Tuesday, September 22, 2009

Are we going backward or forward? (Rosh Hashanah 31a)

If you’ve ever wondered where the psalms recited at the close of the morning prayers – one for each day of the week – come from and why they were chosen, it’s explained in Rosh Hashanah 31a. R. Yehudah in the name of R. Akiba tell us that each of the psalms – Sunday Psalm 24; Monday Psalm 38; Tuesday Psalm 82; Wednesday Psalm 94; Thursday Psalm 81; Friday Psalm 93; and Shabbat Psalm 92 – mirrors the essential creative act of the corresponding day during the first week. Shabbat, however, is different because it is a yom she-kulo shabbat: Psalm 92 speaks to the future messianic time which will be one long shabbat.

A dissenting opinion is offered: R. Nechemiah holds that Psalm 92 also reflects the first week of creation, and recalls God’s rest on the seventh day. All the morning psalms are a rehearsal of the first week of creation. In that sense, all our days hearken back to the first days of creation.

Who is correct? R. Yehudah (in the name of R. Akiba) or R. Nechemiah? Is shabbat about the past or the future? When we keep shabbat, are we looking backward to a past paradise or forward to future redemption?

The Gemara seems to change the subject at this point, but perhaps that’s not at all the case.
With the musaf offerings on shabbat, what would [the Levites] recite? Rav Anan bar Rava sid in the name of Rav: HaZYV LaCH. Rav Chanan bar Rava said in the name of Rav: In the manner that it is divided here, so are they divided in the synagogue.
“HaZYV LaCH” is an acronym for Shirat-Moshe (the Song of Moses) in Parshat Ha’azinu, which we read this week, divided into six sections. Gemara tells us it was divided up in the same manner it was divided for aliyot for reading in synagogue and read at the time of the musaf sacrifice (the additional sacrifice made on shabbat) during the Second Temple period. Why Ha’azinu? We are not told.

Ha’azinu recalls in poetic terms Israel’s unfaithfulness to God throughout the years of the wilderness wandering. God guided them, but they went astray, following after idols. God saw and was vexed and spurned his sons and his daughters (Dt. 32:19). Really? Despite their misdeeds and disloyalty, the Lord will vindicate his people and take revenge for his servants when God sees that their might is gone and neither bond nor free is left (Dt. 32:36).

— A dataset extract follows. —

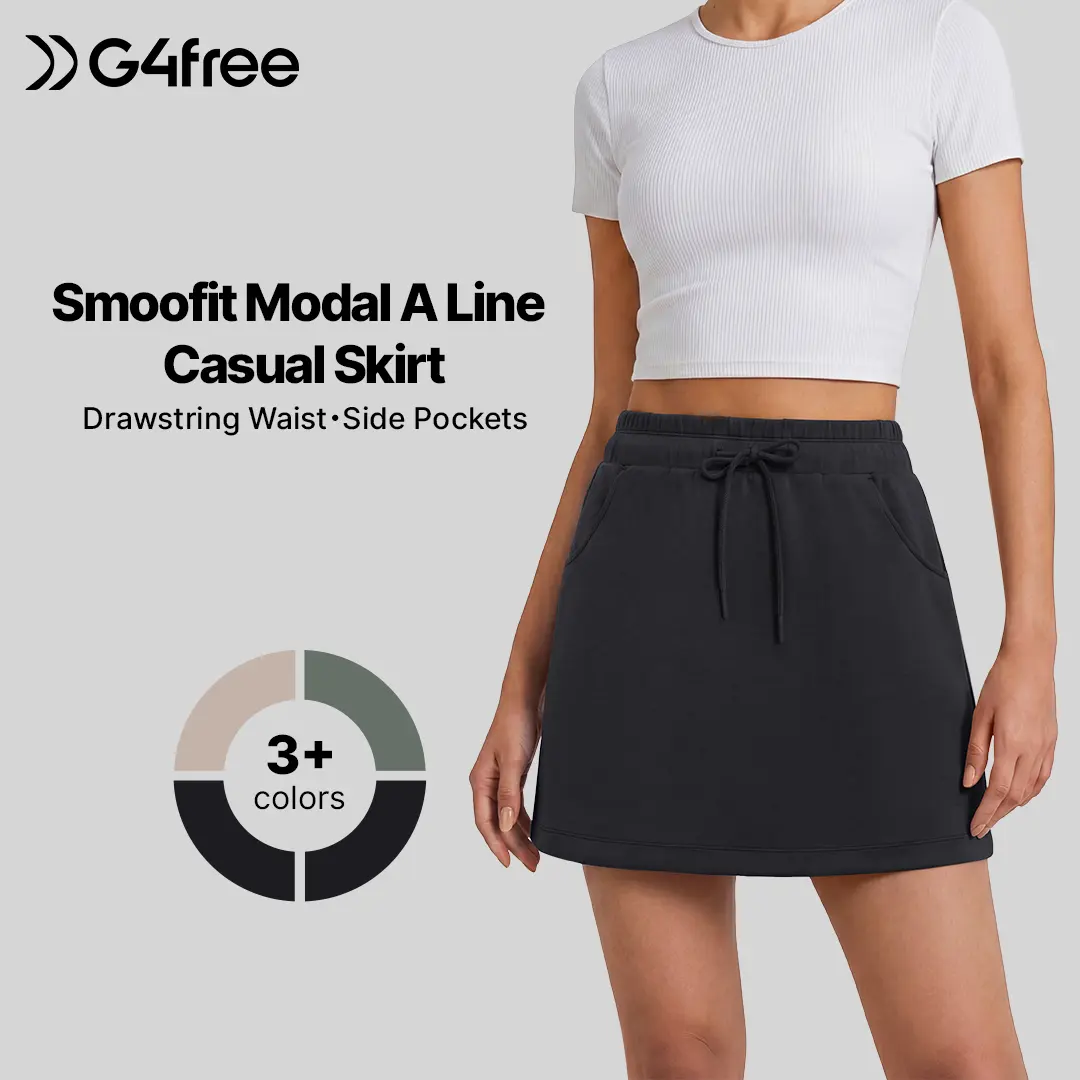 G4Free Smoofit Modal Soft Sweat Skirts for Women 16" A Line Elastic Summer Drawstring Short Golf Casual Skirt with Pockets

The shirah ends on this note:
O nations, acclaim God’s people!
For God will avenge the blood of God’s servants,
Wreak vengeance on God’s foes,
And cleanse the land of God’s people.
The message we are left with is that when all is said and done – even after Israel’s perfidy and betrayal – God will vindicate, defend, and avenge Israel against her enemies. God is wholly on Israel’s side, and redemption is ultimately assured.

Gemara continues:
At minchah on shabbat, what did [the Levites] recite? R. Yochanan said: Az yashir [Exodus 15:1-10] and Mi chamocha [Exodus 15:11-18] and Az yashir [Numbers 21:17-20].
When the afternoon offering is made, the first two of the three accompanying passages are the first and second halves of Shirat HaYam, the song of redemption realized that the Israelites sang at the shores of the Reed Sea. The third is a short passage from the Book of Numbers. The Israelites have been suffering from thirst and God provides a well in the wilderness.

Musaf, then, is accompanied by Ha’azinu’s promise of God’s vindication. Minchah, which closes out shabbat, is accompanied by passages that evoke a memory of redemption realized. We look back in order to see the way forward.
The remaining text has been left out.